■ TASK REQUIREMENTS ■
Please copy the lines below, exactly as they are, from the one with "Владимир Путин собрал" through the one with "Anneau Vintage avec Motif de Perles", and leave out the pictures.

■ EXERCISE DATA ■

===============

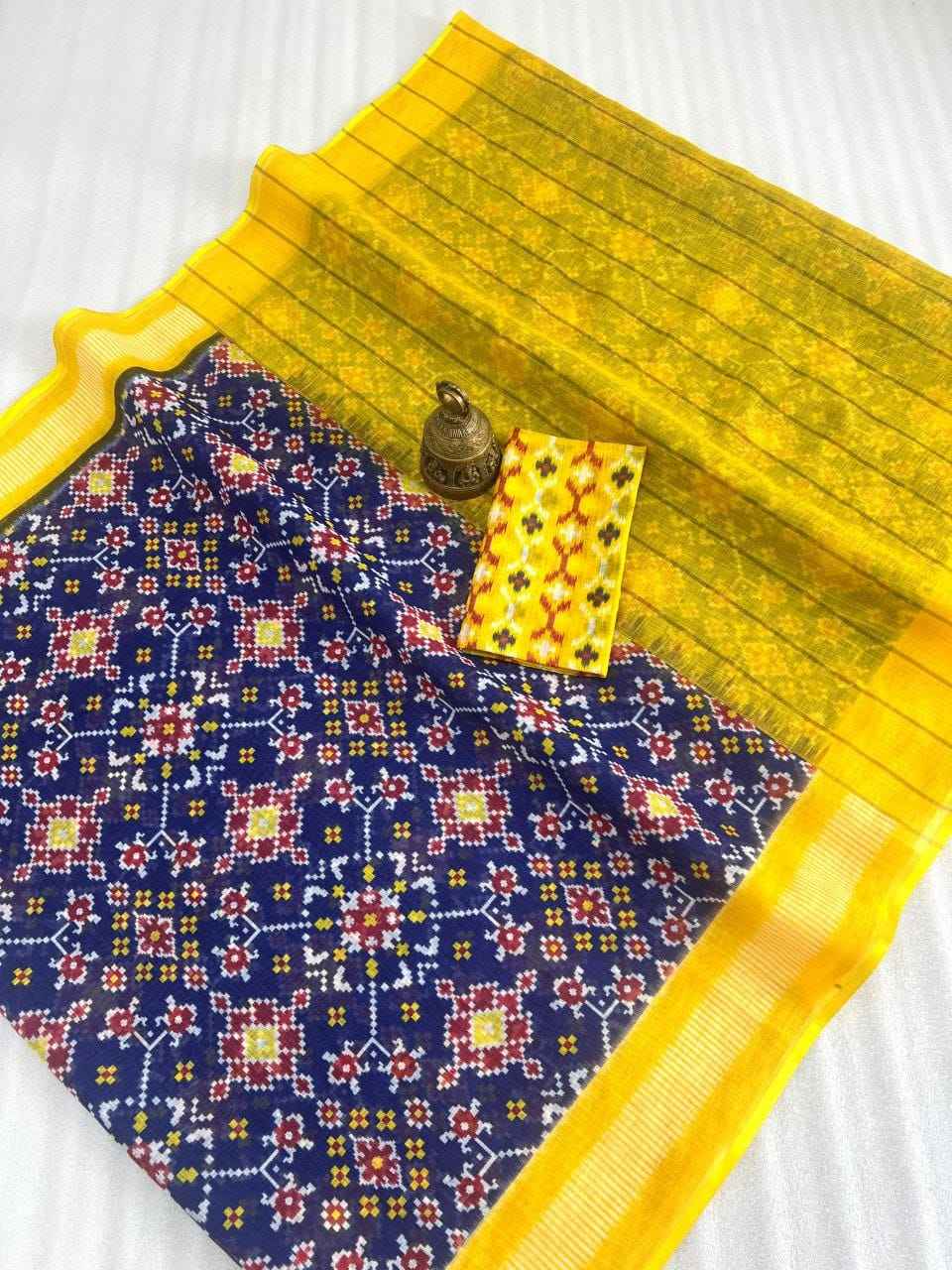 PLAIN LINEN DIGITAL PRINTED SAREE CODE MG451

===============

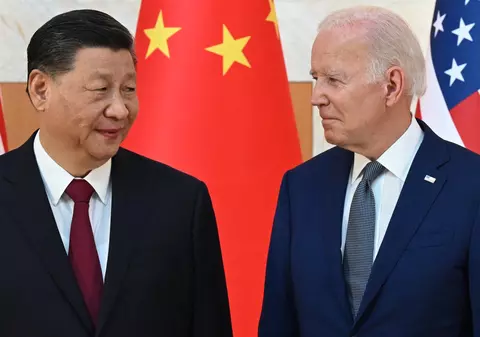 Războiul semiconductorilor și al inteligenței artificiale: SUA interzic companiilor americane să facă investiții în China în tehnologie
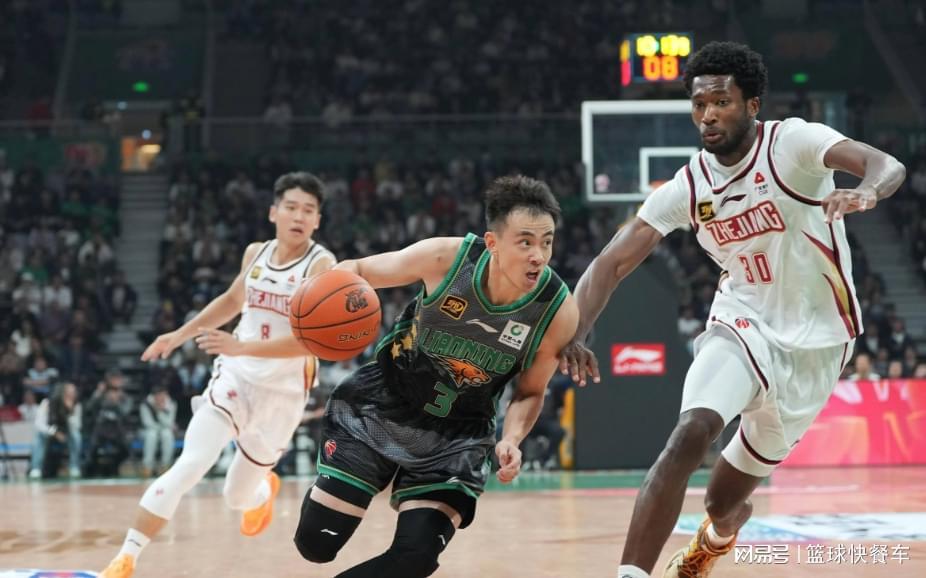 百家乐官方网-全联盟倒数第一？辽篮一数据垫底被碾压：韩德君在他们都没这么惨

===============

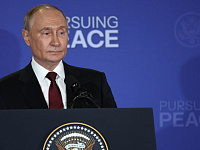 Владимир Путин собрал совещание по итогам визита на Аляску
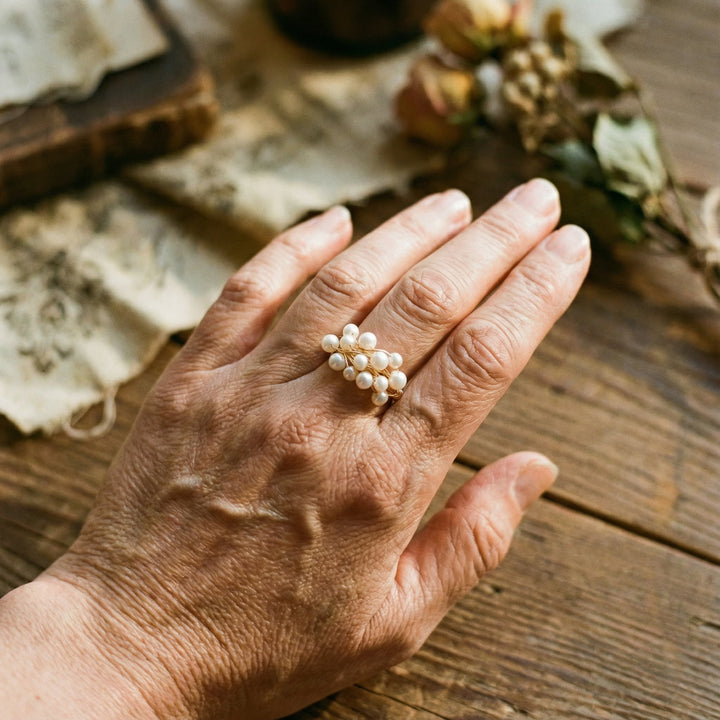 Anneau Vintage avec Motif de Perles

===============

■ TASK RESPONSE ■
 Владимир Путин собрал совещание по итогам визита на Аляску
 Anneau Vintage avec Motif de Perles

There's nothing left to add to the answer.